Marcos: The Government Is a Middleman, Selling Off the Country to the Capitalists that Want Everything
Instead of Looking Up Above, We Must Look Inside Ourselves, Says Delegate Zero to Campesinos and Indigenous in Querétaro
By Bertha Rodríguez Santos
The Other Journalism with the Other Campaign in Querétero
March 6, 2006
LA VERACRUZ, QUERÉTARO, MÉXICO: The government is destroying the country by acting as a crafty middleman that, taking advantage of its own laws, is taking everything from the Mexicans that are “from below” to hand it over to the business class, said Subcomandante Marcos today. For that reason, he said, another Mexico needs to be built, through the National Plan of Struggle, which includes writing a new constitution.
Marcos stood before about four hundred peasant farmers and indigenous Ñahñú people who gathered to demonstrate against Mexico being a nursery for young people bred to work in the United States, as well as government policies that seek to make the campesinos — the rural peasant farmers — disappear. After listening to words about the struggles of several local communities to defend their land and natural resources, “Delegate Zero” warned that those who hold political power “are a bunch of cabrones (bastards) who are destroying the country and selling everything.”
During his appearance in this community in the Sierra Gorda mountains — his second of the day — several campesinos said that officials from the federal Department of Agrarian Reform (SRA in its Spanish initials) have tried to impose the Program for the Certification of Communal Land Rights (PROCEDE) on their ejidos (community-owned farmland), to facilitate the privatization of their lands.
A farmer from the town of Agua Fría said that the government “wants to see the campesinos disappear. We’re in their way because they are businessmen; we have the little land that they still don’t.”
He said that many campesinos fall into the trap of thinking that their land is not valuable, and even doubt that there is wealth hidden beneath the hills. Nevertheless, he said that many companies are interested in the minerals here.
There are large marble deposits in this area, in addition to silver, gold and mercury mines throughout the state.
Identifying himself simply as Clemente, the farmer called on all those present to defend their land and what it holds, because that is the basis of life. “Soon we’re going to have to pay for water, for wood; we won’t be able to herd animals anymore, we won’t be able to say anything when they come to cut down the forests, because this time it will be the government doing it.”
Later, Marcos said that for campesinos to accept the PROCEDE program “would be like digging you own graves and then just waiting for them to throw the last bit of dirt on top of you.”
Responding to the insistence of some of those present for him to make a statement about the electoral process and the uncertainty expressed by some in this respect, and responding to the question of what is to be done asked by many people upon seeing the disaster their communities are suffering, Subcomandante Marcos made himself clear: “We are not going to be candidates because we are not political parties and we are not going to talk with the government’s cabrones because we already did that once before” and the government did not honor the agreements signed.

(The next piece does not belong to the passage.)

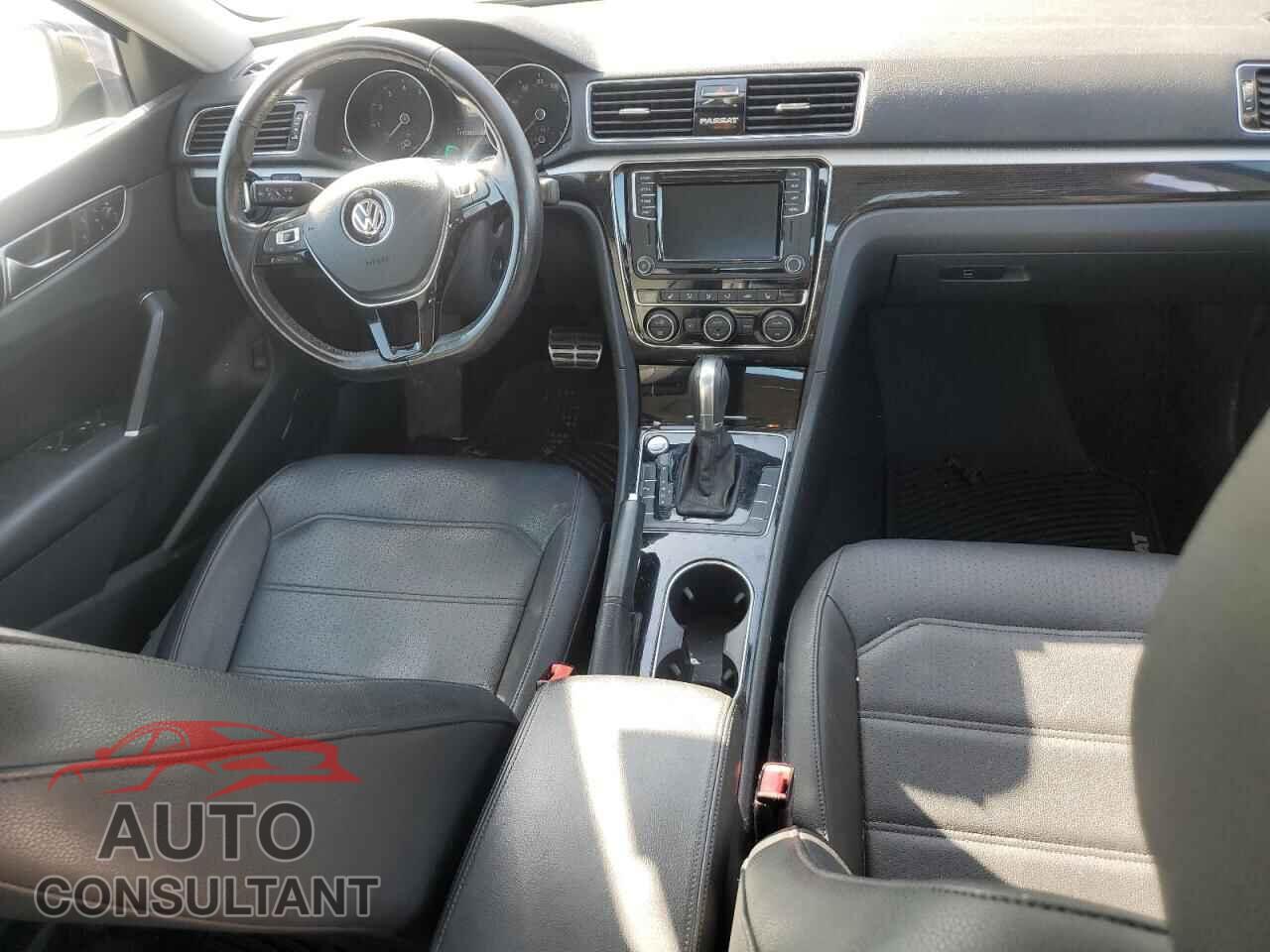 VOLKSWAGEN PASSAT 2019 - 1VWMA7A38KC006482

He explained that with the Other Campaign, “instead of talking to the big politicians we came to talk to the simple and humble people. Not to tell them not to vote; we came to ask them to think.”
“These cabrones are destroying the country and selling off everything. They want even the land that hardly serves to grow crops. They want it all, every last little corner.”

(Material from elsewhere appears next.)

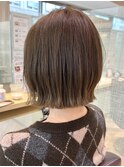 ふわっと柔らかい印象に!外ハネ×オリーブベージュ×10代20代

He said that the present government is one of businessmen who want the land — but not to use it to produce, as it was used before, but to sell it.
“The government is a middleman right now. And what it is taking from the people it is going to sell cheaply.” He who is really in charge, Marcos added — the businessman and the capitalist — is not content with having, for instance, just eight factories, but rather wants more… that piece of land right there… he wants it all”
“The government is the middleman that takes everything from you, with its deceit and with its laws. It takes the land, the rivers, the forests…”
He cited the example provided by the inhabitants of the town of Toluquilla, who denounced the government’s intention to pay them 20 Mexican cents (two U.S. cents) per square meter of land, in order to appropriate an archeological zone.
“They give you 20 cents per square meter, the government sells that for 3 pesos (30 cents) and then the rich man starts speculating at 700 pesos ($67) per square meter. Then they’re going to build a highway and install power lines, but no one cares about us. You people won’t be here, there will be shopping malls instead.”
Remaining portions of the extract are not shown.